» SOURCE RECORDS:
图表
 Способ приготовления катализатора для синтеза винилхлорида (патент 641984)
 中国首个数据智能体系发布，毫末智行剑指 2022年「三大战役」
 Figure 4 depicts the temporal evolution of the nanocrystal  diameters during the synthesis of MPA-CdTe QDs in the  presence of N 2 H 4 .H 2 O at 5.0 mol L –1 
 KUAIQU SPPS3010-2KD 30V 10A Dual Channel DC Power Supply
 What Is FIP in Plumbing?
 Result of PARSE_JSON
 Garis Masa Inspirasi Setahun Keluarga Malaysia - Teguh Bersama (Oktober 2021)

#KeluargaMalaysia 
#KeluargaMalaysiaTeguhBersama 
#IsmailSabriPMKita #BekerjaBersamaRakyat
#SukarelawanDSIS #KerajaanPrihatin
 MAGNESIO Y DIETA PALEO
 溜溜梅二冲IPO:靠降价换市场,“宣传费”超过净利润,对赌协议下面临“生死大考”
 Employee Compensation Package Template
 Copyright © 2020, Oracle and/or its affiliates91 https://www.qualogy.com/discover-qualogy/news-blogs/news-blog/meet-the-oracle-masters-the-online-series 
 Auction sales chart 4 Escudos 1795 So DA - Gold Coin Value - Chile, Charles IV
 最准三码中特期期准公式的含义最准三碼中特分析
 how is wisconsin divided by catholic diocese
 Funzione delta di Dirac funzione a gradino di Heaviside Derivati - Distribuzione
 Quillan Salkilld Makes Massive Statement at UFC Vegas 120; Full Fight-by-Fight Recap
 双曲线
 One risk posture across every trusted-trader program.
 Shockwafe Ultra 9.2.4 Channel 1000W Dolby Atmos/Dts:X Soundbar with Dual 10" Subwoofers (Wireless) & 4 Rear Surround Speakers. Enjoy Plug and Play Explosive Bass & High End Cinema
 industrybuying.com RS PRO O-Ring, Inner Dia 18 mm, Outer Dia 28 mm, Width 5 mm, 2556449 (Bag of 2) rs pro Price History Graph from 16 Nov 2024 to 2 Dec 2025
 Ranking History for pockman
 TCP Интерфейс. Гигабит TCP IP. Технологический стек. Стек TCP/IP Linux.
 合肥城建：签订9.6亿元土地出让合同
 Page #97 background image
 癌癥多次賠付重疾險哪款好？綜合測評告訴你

» ASSIGNMENT:
In the material above, find each line containing the word "Dual" and copy it.

» OUTPUT OF THE EXERCISE:
 KUAIQU SPPS3010-2KD 30V 10A Dual Channel DC Power Supply
 Shockwafe Ultra 9.2.4 Channel 1000W Dolby Atmos/Dts:X Soundbar with Dual 10" Subwoofers (Wireless) & 4 Rear Surround Speakers. Enjoy Plug and Play Explosive Bass & High End Cinema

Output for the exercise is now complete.